Tous les trois se sont assis autour du tombeau.

— Il doit se sentir seul ici, Johan Fredrik, et soupirer après une petite partie, dit Bérencreutz en tirant de sa poche son jeu de cartes.

— C’est une honte qu’on laisse un homme comme lui en dehors du mur, ajoute Anders Fuchs qui s’apprête à jouer.

Et le petit Ruster parle d’une voix émue :

— Après vous, colonel, c’était le meilleur homme que j’aie jamais connu.

Le petit Ruster avait été un grand vaurien, mais il adorait la musique ; et il avait dans sa vie deux admirations : Acquilon et Bérencreutz, et deux exploits qu’il ne se lassait point de raconter.

L’un, c’était son séjour à Gothembourg avec Acquilon, lorsqu’ils y avaient mené une existence de grands seigneurs, mangeant aux plus beaux hôtels, fréquentant les plus riches maisons, dansant avec les plus charmantes femmes, jouant chaque nuit des milliers de couronnes — et tout cela, sans posséder un sou.

L’autre exploit avait eu lieu en Allemagne, pendant une bataille. La moitié du régiment était tombé. Lui, Ruster, et le colonel Bérencreutz n’avaient pas reculé d’une semelle. Survint alors un aide de camp dépêché par Bernadotte : « Retirez-vous ! » cria-t-il au colonel. — « Dites à son Altesse Royale, répondit le colonel, que je me battrai jusqu’au dernier homme et que je me retirerai avec le reste. » Et les soldats du Vermland avaient crié hurrah ! Et le petit Ruster avait tambouriné un long roulement d’allégresse. De ce jour-là, le colonel et Ruster étaient devenus d’inséparables amis. Mais le prince en voulait à Bérencreutz et lui avait donné son congé sans retraite ni faveur. « Il a été trop brave », disait le petit Ruster.

Les voilà maintenant qui, autour de la tombe, battent les cartes avec une gravité solennelle.

J’ai vu des tombes ombragées par les plis des drapeaux, des tombes majestueuses aux marbres lourds, des tombes aimées jonchées de fleurs et de larmes ; mais nulle part je ne vis offrir aux morts le valet de cœur et la brune dame de pique.

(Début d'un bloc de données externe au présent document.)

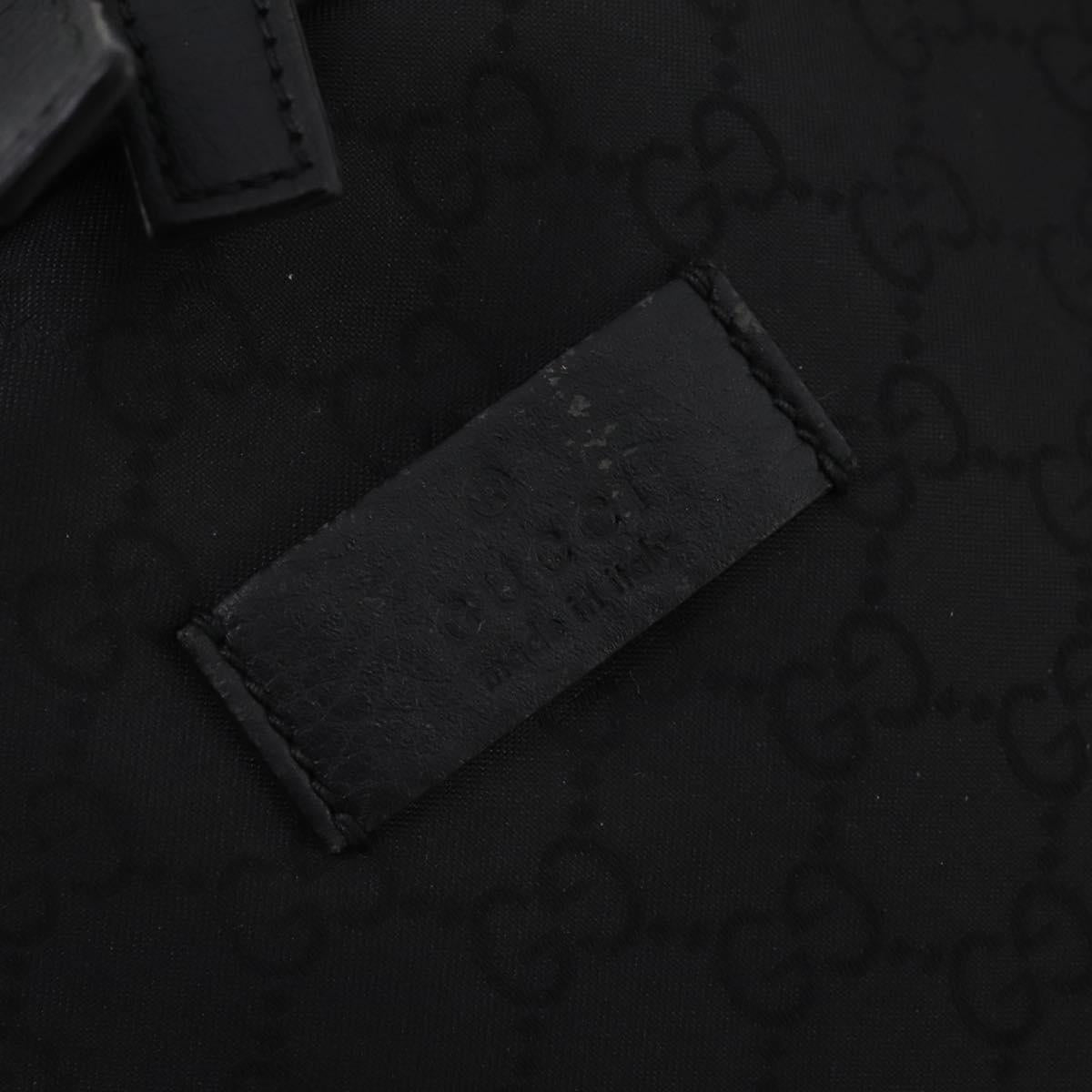 GUCCI GG Canvas Backpack Black Silver 449181 Auth BA14948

— Johan Fudrick a gagné, dit enfin le colonel très fier. Je le savais bien. C’est moi qui lui ai appris ce jeu. Il nous a mis tous trois hors de la partie. Tous trois, nous sommes morts ; lui seul est vivant.

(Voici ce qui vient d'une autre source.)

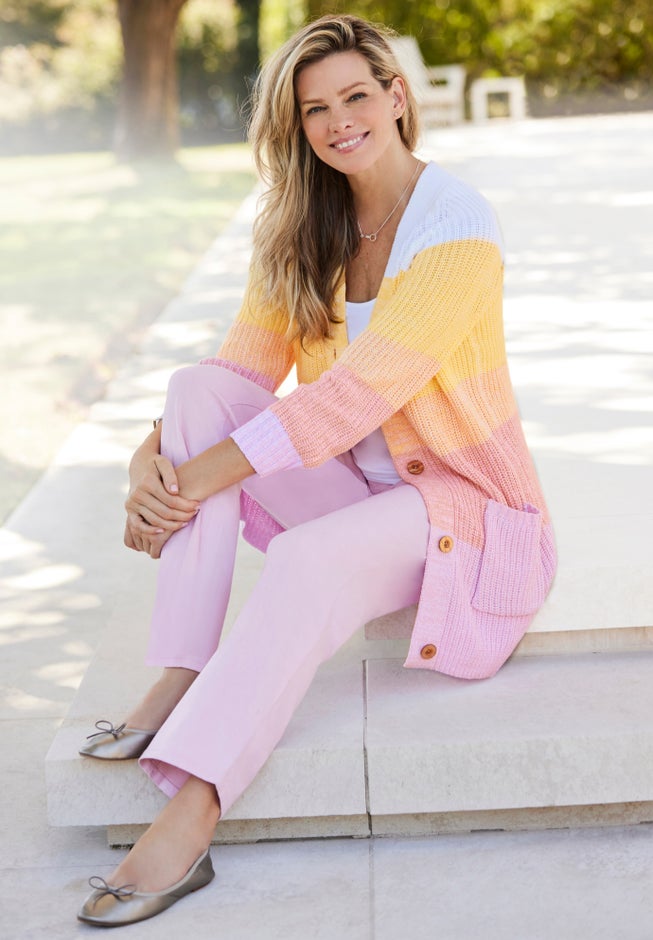 Ombre Shaker Cardigan Sweater image number 3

Il se lève, ramasse les cartes, et nos Cavaliers reprennent le chemin d’Ekebu.

Et je crois fermement que le défunt a dû sentir que ses anciens compagnons ne l’ont point oublié dans son tombeau désert, hors de la terre bénite.

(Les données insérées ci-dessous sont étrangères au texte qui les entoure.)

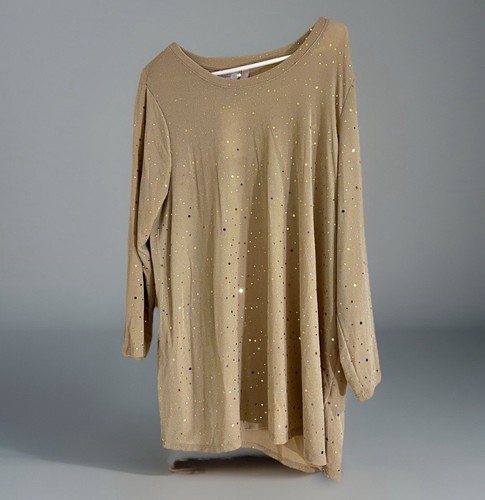 LOGO Layers Lori Goldstein Long Sleeve Blouse L Gold Silver Metallic Tan Dot Nwt - Picture 4 of 11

Mes amis, lorsque je serai morte, il est presque sûr que je reposerai, au milieu du cimetière, sous l’enclos funèbre de ma famille, car je n’aurai point attenté à ma propre vie. Je doute cependant que personne fasse pour moi ce que faisaient ces trois Cavaliers pour leur criminel ami. Nul ne viendra, à l’heure où le soleil se couche, où la demeure des trépassés s’emplit de solitude et de mélancolie, mettre entre mes doigts de squelette des cartes multicolores. On ne viendra pas non plus — ce que je préférerais — avec le violon et l’archet, afin que mon âme, encore attachée à cette poussière de poussière, puisse voguer un instant sur des harmonies, comme un cygne sur des ondes étincelantes.